Марина Ивановна Цветаева:
О, как бы я воспитала Алю в XVIII веке! Какие туфли с пряжками. Какая фамильная библия с застежками! И какой танцмейстер! [12; 37]
Ариадна Сергеевна Эфрон. Из письма П. Г. Антокольскому. 24 ноября 1962 г.:
Господи, какое же у меня было счастливое детство, и как мама научила меня видеть… [17; 273]
Александр Александрович Туринцев. В записи В. Лосской:
С Алей она говорила обо всем. Рассказывала ей про любовников и про всю свою жизнь. Но ее критиковать нельзя было. Какая выспренность отношений! Высказывания, стихи в 7 лет и так далее… У Марины по-настоящему не было острого материнского чувства ни к сыну, ни к дочери. Она искала и хотела создать ту душу, которая ее поймет и разделит ее чувства до конца. Не нашла она этого в дочери: она дочерью владела до 11–12 лет, потом Аля стала созревать и послала ее к черту, а до этого Аля была ее подругой [5; 141].
Ариадна Сергеевна Эфрон. В записи В. Лосской:
Меня она то любила, то разлюбляла… Никогда не было простых отношений: мать — дочь… Материнство ее всегда выливалось преувеличенно, на кого-нибудь другого <…>. Когда я была маленькой, я была вундеркиндом. Когда я стала взрослой, она продолжала относиться ко мне, как к маленькой. <…> И было всегда не просто мама и дочка, а всё в иных плоскостях, трудности, когда я подросла [5; 139].
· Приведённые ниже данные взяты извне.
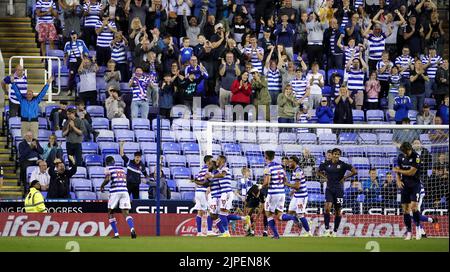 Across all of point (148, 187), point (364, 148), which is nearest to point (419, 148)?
point (364, 148)

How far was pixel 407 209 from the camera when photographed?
2852 centimetres

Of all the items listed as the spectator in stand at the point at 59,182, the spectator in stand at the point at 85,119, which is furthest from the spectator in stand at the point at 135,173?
the spectator in stand at the point at 85,119

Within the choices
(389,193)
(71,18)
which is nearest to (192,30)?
(71,18)

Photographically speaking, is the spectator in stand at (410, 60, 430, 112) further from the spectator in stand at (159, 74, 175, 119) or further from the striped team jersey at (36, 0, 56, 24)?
the striped team jersey at (36, 0, 56, 24)

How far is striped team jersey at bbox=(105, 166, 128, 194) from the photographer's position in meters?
29.2

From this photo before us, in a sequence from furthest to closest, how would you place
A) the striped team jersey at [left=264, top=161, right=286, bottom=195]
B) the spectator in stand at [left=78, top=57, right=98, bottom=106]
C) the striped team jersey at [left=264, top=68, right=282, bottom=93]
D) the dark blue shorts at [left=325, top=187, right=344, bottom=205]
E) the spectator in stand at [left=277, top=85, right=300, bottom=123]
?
the striped team jersey at [left=264, top=68, right=282, bottom=93] < the spectator in stand at [left=277, top=85, right=300, bottom=123] < the spectator in stand at [left=78, top=57, right=98, bottom=106] < the dark blue shorts at [left=325, top=187, right=344, bottom=205] < the striped team jersey at [left=264, top=161, right=286, bottom=195]

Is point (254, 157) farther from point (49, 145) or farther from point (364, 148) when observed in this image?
point (49, 145)

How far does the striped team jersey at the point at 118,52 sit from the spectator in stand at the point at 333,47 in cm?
529

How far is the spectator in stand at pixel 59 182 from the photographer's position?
101 ft

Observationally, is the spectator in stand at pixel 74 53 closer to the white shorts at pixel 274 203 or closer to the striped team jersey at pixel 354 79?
the striped team jersey at pixel 354 79

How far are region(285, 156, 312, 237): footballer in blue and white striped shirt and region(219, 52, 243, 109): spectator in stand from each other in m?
3.77

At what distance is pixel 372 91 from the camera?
115ft

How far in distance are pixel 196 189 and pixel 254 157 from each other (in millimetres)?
1839

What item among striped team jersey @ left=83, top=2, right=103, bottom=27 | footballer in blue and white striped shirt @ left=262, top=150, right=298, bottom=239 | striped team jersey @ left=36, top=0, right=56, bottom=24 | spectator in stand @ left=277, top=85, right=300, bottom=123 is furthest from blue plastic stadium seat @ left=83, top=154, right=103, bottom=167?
footballer in blue and white striped shirt @ left=262, top=150, right=298, bottom=239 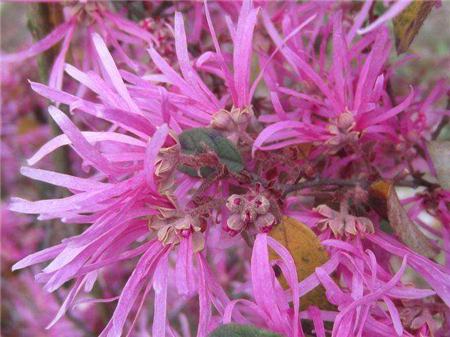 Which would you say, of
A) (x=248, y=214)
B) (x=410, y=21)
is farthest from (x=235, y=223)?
(x=410, y=21)

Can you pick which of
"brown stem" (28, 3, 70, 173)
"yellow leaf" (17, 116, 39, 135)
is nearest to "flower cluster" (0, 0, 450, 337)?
"brown stem" (28, 3, 70, 173)

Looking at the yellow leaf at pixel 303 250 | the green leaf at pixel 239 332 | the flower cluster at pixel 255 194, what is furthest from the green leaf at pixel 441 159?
the green leaf at pixel 239 332

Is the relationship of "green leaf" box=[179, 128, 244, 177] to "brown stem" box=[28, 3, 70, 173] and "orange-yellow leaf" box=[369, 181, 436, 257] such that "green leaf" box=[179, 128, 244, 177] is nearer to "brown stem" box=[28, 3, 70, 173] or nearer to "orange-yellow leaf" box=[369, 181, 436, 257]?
"orange-yellow leaf" box=[369, 181, 436, 257]

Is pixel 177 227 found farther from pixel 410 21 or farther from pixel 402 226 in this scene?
pixel 410 21

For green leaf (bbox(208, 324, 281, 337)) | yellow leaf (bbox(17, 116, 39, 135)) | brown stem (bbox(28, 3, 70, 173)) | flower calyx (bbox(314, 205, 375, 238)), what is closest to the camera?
green leaf (bbox(208, 324, 281, 337))

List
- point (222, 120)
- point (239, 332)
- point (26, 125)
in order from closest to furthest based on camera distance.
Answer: point (239, 332) → point (222, 120) → point (26, 125)

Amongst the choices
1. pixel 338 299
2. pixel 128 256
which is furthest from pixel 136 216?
pixel 338 299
Марина Ивановна Цветаева. Из письма Н. Вундерли-Фолькарт:
Когда мой ребенок умер в России от голода и я узнала об этом — просто на улице от незнакомого человека (— Маленькая Ирина Ваша дочка? — Да. — Она умерла. Вчера умерла. Завтра мы ее будем хоронить.), я молчала три месяца — ни слова о смерти — никому — чтобы он не умирал окончательно, еще (во мне) — жил[15] [10:425–426].
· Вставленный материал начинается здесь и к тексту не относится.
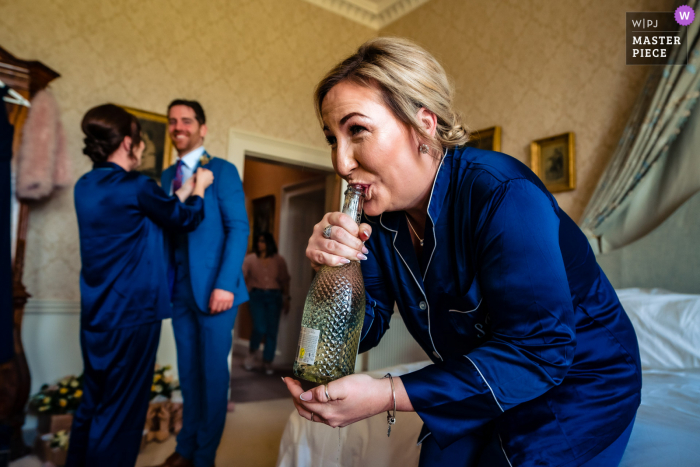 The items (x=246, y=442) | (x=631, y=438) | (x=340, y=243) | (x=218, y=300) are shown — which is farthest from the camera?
(x=246, y=442)

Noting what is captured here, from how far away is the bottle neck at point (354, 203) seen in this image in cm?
88

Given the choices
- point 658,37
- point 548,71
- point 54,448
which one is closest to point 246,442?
point 54,448

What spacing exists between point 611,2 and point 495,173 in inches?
125

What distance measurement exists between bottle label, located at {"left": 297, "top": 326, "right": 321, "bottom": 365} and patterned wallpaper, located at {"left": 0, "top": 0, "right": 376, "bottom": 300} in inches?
134

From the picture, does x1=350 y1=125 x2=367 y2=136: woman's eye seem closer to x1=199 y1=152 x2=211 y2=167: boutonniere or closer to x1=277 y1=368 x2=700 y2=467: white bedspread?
x1=277 y1=368 x2=700 y2=467: white bedspread

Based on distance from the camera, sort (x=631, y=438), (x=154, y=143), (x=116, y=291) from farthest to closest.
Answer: (x=154, y=143) → (x=116, y=291) → (x=631, y=438)

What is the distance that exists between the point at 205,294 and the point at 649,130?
9.08 feet

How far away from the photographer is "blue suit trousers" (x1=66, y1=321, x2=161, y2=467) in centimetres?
202

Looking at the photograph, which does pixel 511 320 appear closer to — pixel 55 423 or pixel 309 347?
pixel 309 347

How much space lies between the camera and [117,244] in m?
2.13

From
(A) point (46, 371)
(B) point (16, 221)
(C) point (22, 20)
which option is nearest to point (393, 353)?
(A) point (46, 371)

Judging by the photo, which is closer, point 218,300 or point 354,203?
point 354,203

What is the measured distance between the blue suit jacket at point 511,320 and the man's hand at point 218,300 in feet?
4.97

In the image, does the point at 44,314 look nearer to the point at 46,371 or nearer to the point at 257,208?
the point at 46,371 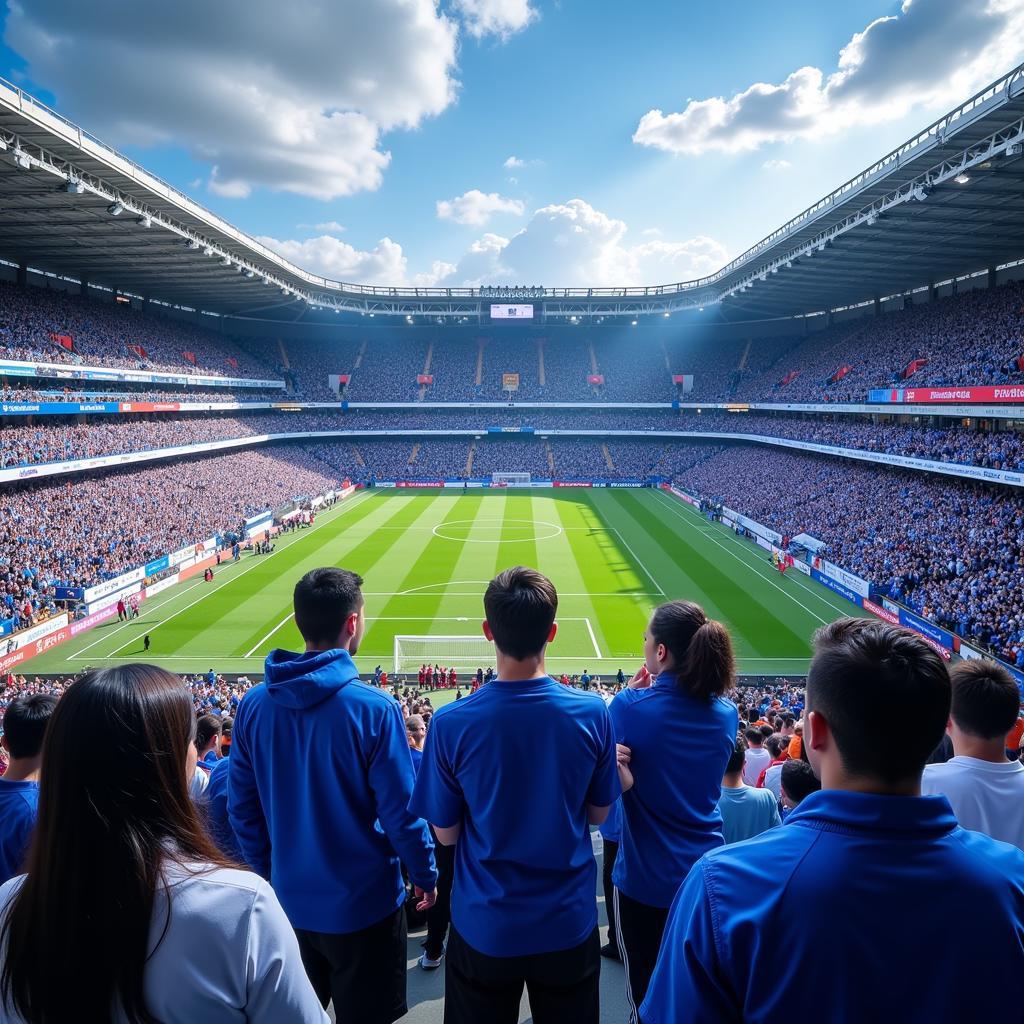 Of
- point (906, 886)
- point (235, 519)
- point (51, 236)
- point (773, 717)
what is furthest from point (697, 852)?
point (51, 236)

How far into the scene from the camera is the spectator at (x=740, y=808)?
4.61m

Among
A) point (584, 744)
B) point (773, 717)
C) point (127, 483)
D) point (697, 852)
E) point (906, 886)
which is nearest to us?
point (906, 886)

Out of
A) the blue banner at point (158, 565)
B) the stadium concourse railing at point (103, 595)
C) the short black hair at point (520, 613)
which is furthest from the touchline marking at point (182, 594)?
the short black hair at point (520, 613)

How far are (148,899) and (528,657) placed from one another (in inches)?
70.8

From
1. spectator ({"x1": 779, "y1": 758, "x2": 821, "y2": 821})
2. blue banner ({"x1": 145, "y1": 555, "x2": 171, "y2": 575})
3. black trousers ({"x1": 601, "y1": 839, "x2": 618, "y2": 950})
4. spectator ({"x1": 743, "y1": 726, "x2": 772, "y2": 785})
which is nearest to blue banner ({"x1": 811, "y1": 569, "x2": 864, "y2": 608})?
spectator ({"x1": 743, "y1": 726, "x2": 772, "y2": 785})

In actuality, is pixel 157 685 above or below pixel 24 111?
below

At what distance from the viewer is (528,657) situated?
10.3 ft

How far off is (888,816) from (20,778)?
456cm

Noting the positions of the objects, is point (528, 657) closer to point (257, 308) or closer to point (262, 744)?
point (262, 744)

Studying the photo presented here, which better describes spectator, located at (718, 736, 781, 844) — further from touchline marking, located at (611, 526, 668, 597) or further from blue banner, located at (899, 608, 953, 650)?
touchline marking, located at (611, 526, 668, 597)

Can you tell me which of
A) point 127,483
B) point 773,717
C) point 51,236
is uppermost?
point 51,236

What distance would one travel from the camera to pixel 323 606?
3588 mm

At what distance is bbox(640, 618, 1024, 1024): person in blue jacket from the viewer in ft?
4.95

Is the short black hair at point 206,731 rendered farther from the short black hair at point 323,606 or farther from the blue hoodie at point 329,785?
the short black hair at point 323,606
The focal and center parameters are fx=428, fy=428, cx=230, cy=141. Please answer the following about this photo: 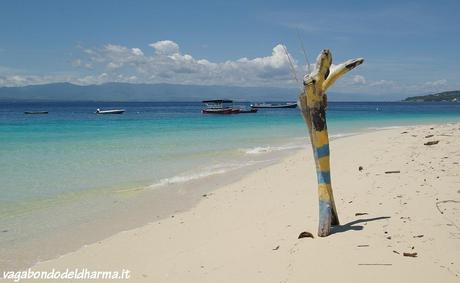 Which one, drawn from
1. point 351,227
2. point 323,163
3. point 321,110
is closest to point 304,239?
point 351,227

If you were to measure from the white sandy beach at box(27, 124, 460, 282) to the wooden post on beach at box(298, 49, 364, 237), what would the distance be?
1.29 feet

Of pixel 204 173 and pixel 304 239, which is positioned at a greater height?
pixel 304 239

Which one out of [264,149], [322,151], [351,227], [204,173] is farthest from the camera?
[264,149]

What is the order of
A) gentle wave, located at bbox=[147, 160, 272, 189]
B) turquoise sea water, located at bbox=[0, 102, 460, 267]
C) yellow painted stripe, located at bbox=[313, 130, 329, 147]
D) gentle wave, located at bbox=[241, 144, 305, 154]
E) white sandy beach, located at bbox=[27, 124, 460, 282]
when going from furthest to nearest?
gentle wave, located at bbox=[241, 144, 305, 154] → gentle wave, located at bbox=[147, 160, 272, 189] → turquoise sea water, located at bbox=[0, 102, 460, 267] → yellow painted stripe, located at bbox=[313, 130, 329, 147] → white sandy beach, located at bbox=[27, 124, 460, 282]

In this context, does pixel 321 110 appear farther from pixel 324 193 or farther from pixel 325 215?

Марина Ивановна Цветаева. Из записей 1925 г., вскоре после рождения сына Георгия (Мура):
Если бы мне сейчас пришлось умереть, я бы дико жалела мальчика, которого люблю какою-то тоскливою, умиленною, благодарною любовью. Алю бы я жалела за другое и по-другому. Больше всего бы жалела детей, значит — в человеческом — больше всего — мать.
Аля бы меня никогда не забыла, мальчик бы меня никогда не вспомнил. <…>
Буду любить его — каким бы он ни был: не за красоту, не за дарование, не за сходство, за то, что он есть. М. б. это самая большая любовь моей жизни? Может быть — СЧАСТЛИВАЯ любовь? (Такой не знаю. Любовь для меня — беда.) <…>
Мальчиков нужно баловать, — им, может быть, на войну придется [10; 345].
Галина Семеновна Родионова:
Марина не просто его любила, она его обожала трогательным глубоким обожанием. Объектом всех забот и волнений ее такой трудной жизни был Мур [1; 422].
Елена Александровна Извольская:
Он был мальчиком очень умным, но избалованным донельзя, непослушным, просто буйным. Рос он богатырем, мог бы стать Ильей Муромцем, но скорее превратился в Соловья Разбойника. Он был огромного для своих лет роста, широкоплеч, кудряв. У матери Мур научился дивному русскому языку. Он держал мать за руку, вернее, она его. Он рвался из этой «мертвой хватки». «Мама, — кричал он, — можно мне на волю?» При слове «воля» Марина отпускала сына, он убегал в чащу, и ее близорукие глаза тревожно его искали [1; 399–400].
Марина Ивановна Цветаева. Из письма Р. Н. Ломоносовой. Париж, 1 февраля 1930 г.:
Как грустно Вы пишете о сыне: «Совсем большой. Скоро женится — уйдет». Моему нынче — как раз 5 лет. Думаю об этом с его, а м. б. с до — его рожденья. Его жену конечно буду ненавидеть. Потому что она не я. (Не обратно.)